Generally in the UK, the MPhil is seen as a senior level research qualification just above the MRes and below the PhD - at least in computer science. I do not agree that an MPhil is necessarily a failed PhD as there can be many reasons why a candidate cannot produce a full PhD thesis ranging from company support, time and funding to personal circumstances. A PhD fail to me is someone who has done a PhD thesis and failed the PhD viva and failed to get at least major corrections or a recommendation for resubmission in 12 months.
This was true in my case that I was transferred from PhD to MPhil, albeit my situation was rather difficult; I was in a PhD route for 3.5 years full time at Lancaster University and the sponsor company (a major water utility company) stopped communicating with me and my supervisor. As a result, my prototype was left untested in a real world scenario which was necessary for my PhD work as there is a requirement in producing innovative and original work. After a year of starting my PhD, I had a supervisor change resulting in a research area change resulting in a late panel 2 years down the line which didn't help either. The panel is a useful tool to know if you are being guided in the correct path and to know if you are getting along well with your supervisor as well as to see if you are producing work that is up to PhD/MPhil standard. If your work is not up to MPhil standard, they can altogether cancel your registration and you are out.
I can't stress this enough; you should have your panel early in your PhD and never late. In my case, it was given late due to a supervisor change and that "I fell through the cracks of the system" and nothing could be done other than to make a formal complaint which I have already.
The panel concluded that I had enough work to do a PhD and decided to change my route from PhD to MPhil on the premise that I was running out of time and no funding available for me (I only had 6 months left of funding, but due to other circumstances, this went well beyond my defence and upto summer 2017 surviving on a TA salary which was less than £5000 pa). This was compounded with fears that I might leave with nothing. They did say that if got the MPhil, then perhaps I could use this as a stepping stone to a PhD and upgrade my work.

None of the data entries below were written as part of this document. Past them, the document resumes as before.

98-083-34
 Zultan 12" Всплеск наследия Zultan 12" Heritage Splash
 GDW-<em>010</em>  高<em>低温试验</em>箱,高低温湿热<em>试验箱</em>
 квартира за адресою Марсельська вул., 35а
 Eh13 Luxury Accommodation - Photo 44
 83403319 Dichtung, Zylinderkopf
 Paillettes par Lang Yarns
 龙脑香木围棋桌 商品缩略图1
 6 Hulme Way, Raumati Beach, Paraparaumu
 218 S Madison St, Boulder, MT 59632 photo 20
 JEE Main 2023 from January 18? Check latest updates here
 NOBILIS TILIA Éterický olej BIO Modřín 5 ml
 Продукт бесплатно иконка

It took me 5 years to complete my "over bloated" MPhil and I decided not to pursue the PhD in my area due to difficulties with my current supervision - it is another long story. I feel I do have enough research skills to carry out research in other areas which are of interest to me.
To clarify whether the MPhil has any classes: no, it doesn't. It is purely research unless you are doing a professional Doctorate which have taught components with research. The MPhil is research work done at the same quality and academic rigour of a PhD, albeit shorter in length - hence why the MPhil is seen as a higher degree than an MSc by Research. The MPhil used to be the gold standard during the 60's and 70's for lectureships until requirements increased to have a PhD under your belt.
Which is considered "more academic" or "more prestigious?"
From the Masters degrees, the MPhil as it is the highest Masters qualification that you can get before embarking on a PhD. I know people in my area who haven't got a PhD but have an MEng and produced academic output equivalent to that of a Professor with a PhD. Having research output and published by top ranking publishers is more prestigious in my opinion.
"Which one is better for a PhD?"
It depends on which subject you are studying; in computer science, you only need a BSc honours with a first class honours to enter the PhD route directly without requiring an MSc. Having an MRes or even better, an MPhil in a related area, would considerably boost your chances in succeeding. Other subjects like psychology would require an MRes to enter the PhD route depending on research areas.